En el diván con Lucifer

Voy a ser claro: esta ha sido mi serie del verano. Ni The Handmaid’s Tale (menudo tostón de temporada), ni Big Little Lies, ni Mindhunter (ojo, me parece de lo mejor del año), ni estrenos varios. Ha sido mi serie del verano porque, básicamente, la he consumido en cuestión de meses en su totalidad, y no lo habría hecho de no estar disfrutando con lo que me cuentan en la actual serie de Netflix (antes de FOX). No obstante, no está exenta de defectos, a pesar de sus virtudes. Vamos a ello.

La idea es simple: el Diablo, harto de su tarea como caudillo del Infierno, se marcha y muda a nuestro planeta, y empieza a vivir su día a día entre la raza humana. ¿Y en qué decide ocupar la mayor parte de su tiempo? Pues en resolver crímenes en Los Ángeles, ayudando a una detective del departamento de homicidios. La premisa es procedimental que tira para atrás, y no es la nota diferencial con respecto a la enorme cantidad de ficciones que abundan de su género. Aquí, lo fundamental y hace que la serie valga la pena es el papel de Tom Ellis como Lucifer. Tras haberlo conocido en persona hace unos meses, no sé deciros hasta qué punto vemos cosas de Ellis en Lucifer, o de Lucifer en Ellis. El intérprete británico hace suyo el personaje y ese es el principal motivo por el que la serie no se cae a pedazos con el paso de las temporadas.
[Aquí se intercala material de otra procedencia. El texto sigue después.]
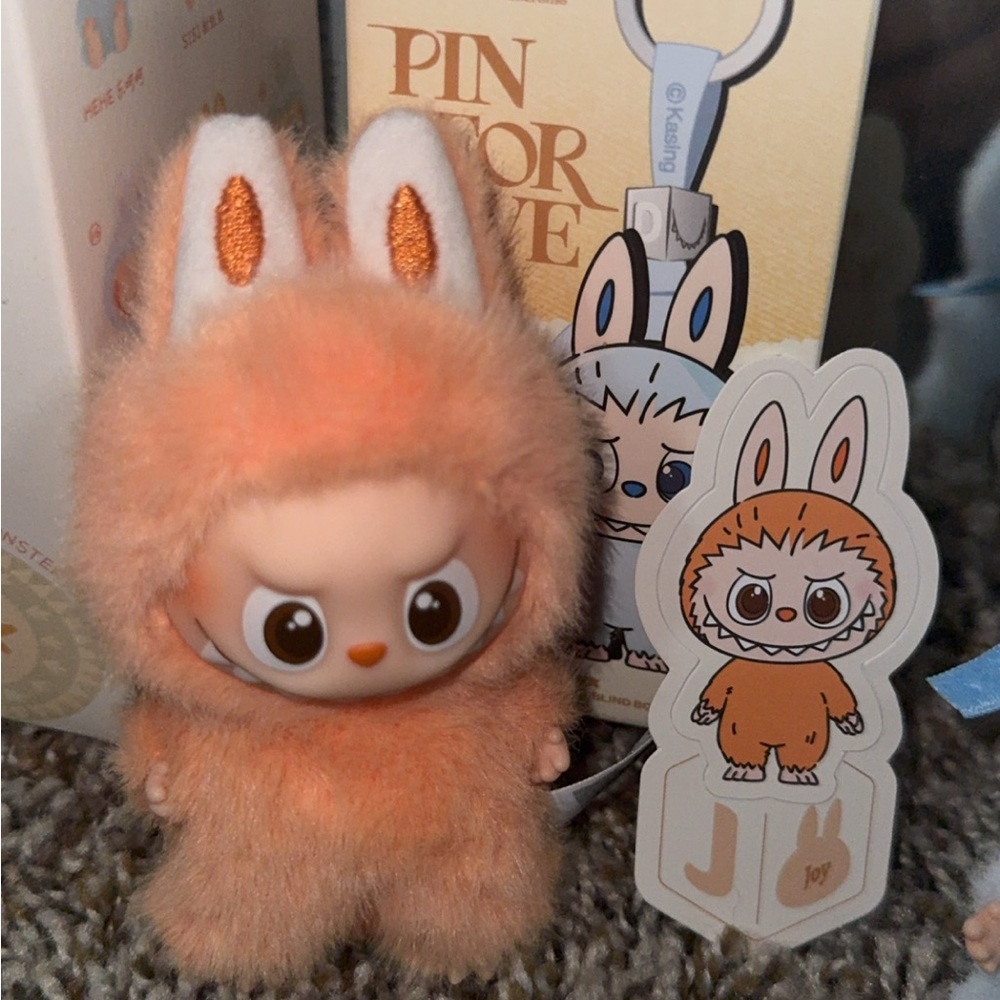 100% Authentic ‘Pin for Love’ confirmed letter Labubu 🧡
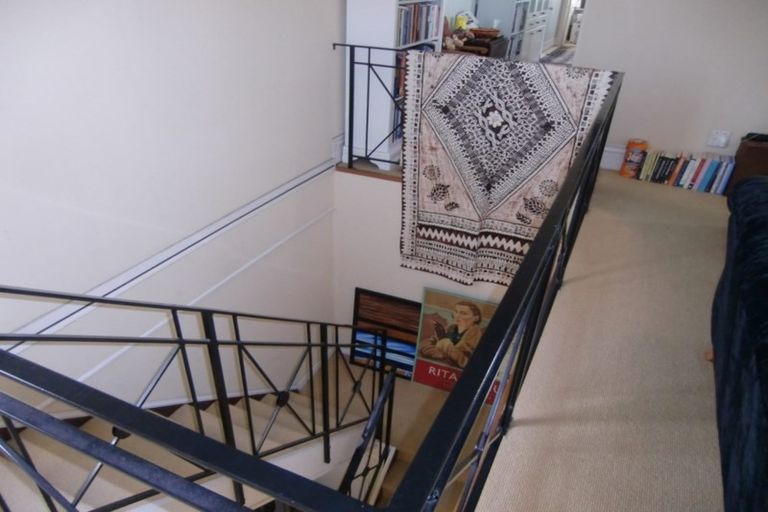 Photo of property in 2/209 Ponsonby Road, Ponsonby, Auckland, 1011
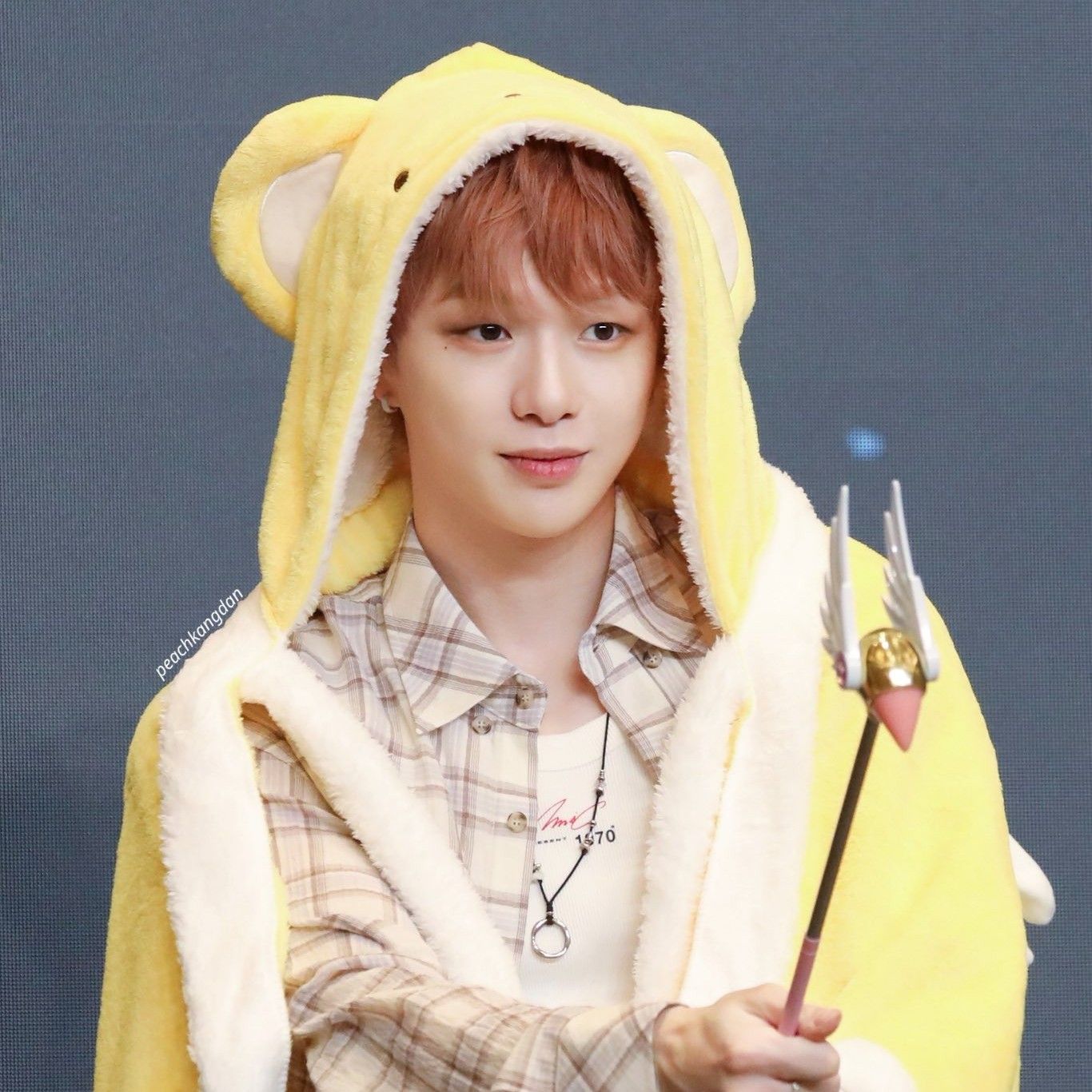 Behind-the-scenes cut of Kang Daniel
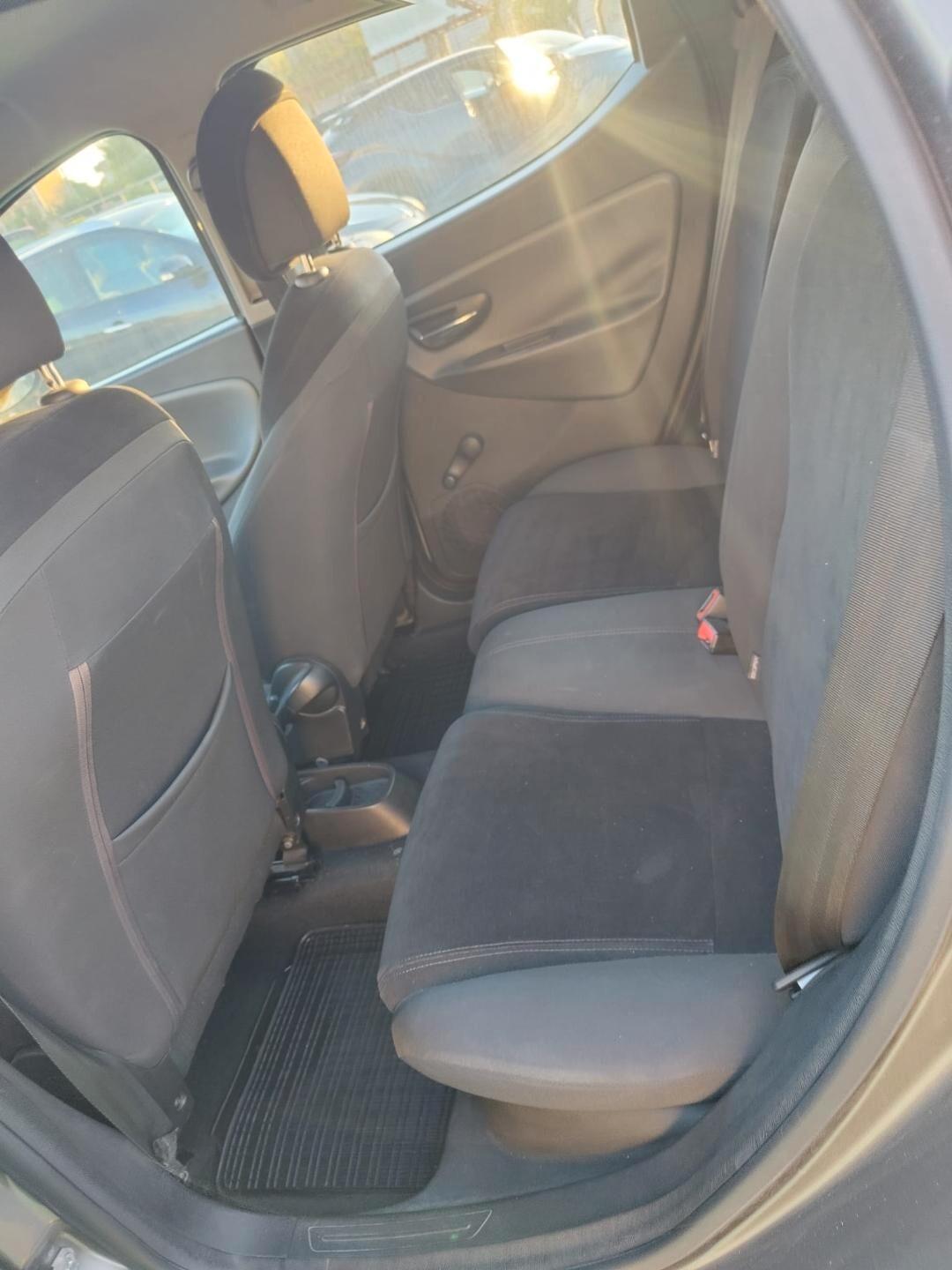 Lancia Ypsilon 1.2 69 CV Platinum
El carisma que desprende lo equipararía (por decir un ejemplo siguiendo en el mundo procedimental) al de James Spader en The Blacklist y su Raymond Reddington. La ficción de NBC debió acabar hace mucho, anclada en su fórmula de casos episódicos y esa trama de fondo que no parece encontrar su fin, pero no hay ningún reproche a la actuación de Spader. Lo mismo pasa en Lucifer; Tom Ellis compensa el tener que tragarse tres temporadas de FOX y sus episodios procedimentales consiguientes.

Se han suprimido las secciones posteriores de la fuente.